|George and Me, before our architect days|
I could happily sit for hours in my soft, quiet shelter. Immersed in my own little world. Miles away from the business and bustle of life.
Or at least inches away.
On the other side of my blanket.
And my chair.
Oh, and the all-important pillow.
Okay, so tent-making wasn't an art with me. In fact, you could probably say that it was . . . fairly inexpert, invariably consisting, as it did, of a blanket tossed over a chair and held in place by a pillow.
Frank Lloyd Wright, I wasn't.
But I still loved it. Hiding in a shelter erected solely by my own two little hands.
For a short while, I was the queen of my world.
Then, one day, I was introduced to a whole new world. My brother, George, deigned to join me.
Something, I might point out, that rarely happened . . .
And instructed me in the creation of a complex, blanket draped wonder.
George set up chairs and draped them with covers, connecting them to each other and holding each in place by different items, drawing heavily from the various 'objets d'art' that Mom had strewn about the room.
The blankets were pulled over to the couches, secured, and then drawn to the tables. There, they were again weighted into place.
Slowly, our little 'club house' grew until it covered the entire front room.
The two of us stood back and surveyed it proudly.
It had an entrance. And a back door. It had twisting tunnels and little rooms.
It was perfect.
I was quivering with excitement. I couldn't wait any longer. I dove in.
"Careful, Diane!" George said.
But he was too late.
My rash action pulled on one of the blankets.
In fact, the blanket that was being held in place by a large, ornate, plaster lamp.
Both slid from the table.
The blanket survived.
The lamp didn't.
George and I stared, aghast, at the mass of wreckage.
And then, like a figure of doom, Mom appeared in the doorway.
"What are you two . . . my lamp!"
There was no hiding it.
There was our intricate web of blankets, furniture and bric-a-brac.
To one side, a limply hanging corner.
And, beside it, the broken lamp.
Even a fool could have figured out what had happened. And Mom certainly wasn't a fool.
"Did you kids use my lamp for your fort?"
How did one answer that? I mean, couldn't she see it?
George was braver than me.
"It was Diane's idea."
I stared at him. "It was not!" I said, hotly.
Okay, so our arguments could never have been classified as intelligent.
"Okay, enough!" Mom had worked her way gingerly across the sea of blankets, plucking up breakables as she went.
Finally, she reached the lamp. That lamp which, with it's matching big brother, had been a gift from Dad.
She set down the other objects she was carrying and stared down at it.
Then she looked at us.
"Ummm. Sorry, Mom," I said. Not entirely original, but it was all I could think of.
Mom picked up the lamp. Then the pieces.
She looked . . . sad.
Mom never really had to discipline me. I could do it all by myself. I burst into tears. "Sssooorrry!"
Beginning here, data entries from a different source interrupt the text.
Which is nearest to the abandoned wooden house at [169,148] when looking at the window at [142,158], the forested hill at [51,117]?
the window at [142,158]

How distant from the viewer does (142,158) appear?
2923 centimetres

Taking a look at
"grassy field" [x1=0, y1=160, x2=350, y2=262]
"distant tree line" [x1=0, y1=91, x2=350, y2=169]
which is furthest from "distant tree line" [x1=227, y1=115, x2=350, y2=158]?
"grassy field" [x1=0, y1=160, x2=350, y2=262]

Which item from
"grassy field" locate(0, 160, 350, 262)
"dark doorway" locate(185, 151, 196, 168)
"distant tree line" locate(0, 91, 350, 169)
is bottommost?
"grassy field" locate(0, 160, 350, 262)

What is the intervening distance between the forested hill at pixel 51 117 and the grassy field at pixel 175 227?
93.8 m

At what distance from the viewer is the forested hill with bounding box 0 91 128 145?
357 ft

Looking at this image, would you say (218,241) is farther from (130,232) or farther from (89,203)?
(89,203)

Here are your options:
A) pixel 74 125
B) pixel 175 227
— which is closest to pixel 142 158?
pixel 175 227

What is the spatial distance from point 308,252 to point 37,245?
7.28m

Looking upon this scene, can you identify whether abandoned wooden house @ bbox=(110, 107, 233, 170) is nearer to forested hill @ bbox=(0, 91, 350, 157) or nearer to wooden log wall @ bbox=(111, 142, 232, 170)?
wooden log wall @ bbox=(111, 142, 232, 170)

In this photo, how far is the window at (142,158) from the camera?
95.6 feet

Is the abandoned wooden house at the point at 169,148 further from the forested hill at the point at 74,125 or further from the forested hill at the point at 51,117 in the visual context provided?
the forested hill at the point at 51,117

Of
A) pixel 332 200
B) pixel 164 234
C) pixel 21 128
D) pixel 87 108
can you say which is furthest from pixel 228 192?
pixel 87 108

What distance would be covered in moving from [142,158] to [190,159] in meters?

She turned and looked at us once more. "I don't ever want you two playing with my things again."
"Oookaaay!" More tears.
I should have been on the stage.
Mom carried the pieces of her lamp out of the room without looking at us again.
And just like that, our fort was no long the wonder it had been. George and I folded the blankets and put things back.
Mom kept the lamp.
The back was smashed beyond repair, but the front was still fine. As long as she kept the broken part to the wall, it looked perfect.
To our 'waste not, want not' Mom, it was totally in character.
It haunted us for years.
I still like to tent.
But fortunately, my husband introduced me to such marvels as . . . tent poles. Pegs. Guy lines.
What it lacks in ingenuity, it certainly makes up for in convenience.